Now, I am older.   I carry much more responsibility, and I am glad to accept it.   Yet, some things never change.   I am still “normal.”  Middle class vanilla at its Baskin Robbins best.   A wife, three kids, a mortgage, you know the drill.    My politics are conservative.   I believe in local responsibility, state power, and limited federal government.   I believe in prayer in schools, in One Nation Under God (in whom I also believe we still trust).   I say “sir” and “ma’am” and mean them with respect.   I do not expect anything from anyone except that they do their part.

However, it seems to me that I have become the stereotype.   I am the “normal” that constitutes that which others would seek to redefine.   While some celebrate diversity as I do, there are others that care little for my way of life, calling it close-minded, antiquated, exclusive, even intolerant.   But who will tolerate me?   Who will look out for my way of life, my rights, my beliefs?

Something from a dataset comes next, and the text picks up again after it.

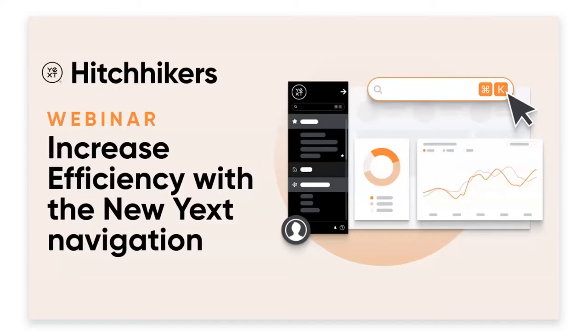Hey everyone, we're going to go ahead and get started here. I wanted to welcome you all to our Hitchhiker's exclusive webinar, Increase Efficiency with the New Yext Navigation. This is our first webinar where we do a deep dive on some of the recent spring release features.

As a Christian evangelical (I think that’s what they call me know), as a conservative Republican, as  an  opponent to abortion and a proponent of prayer in schools, I have become the minority who’s  rights now need protecting.   And there are others like me, who (like me) are not used to  having to define and defend  what it is for  which  they stand.    For we were once normal.

Now,  to be what once was normal is to rebel against pop culture.    It is  to swim against the current of mainstream media.   It is to guard the eyes and ears, the hearts and minds of my children against that which others would call normal, that which I do not.

Strange as it seems, it has become clear to me that normal is the new rebellion.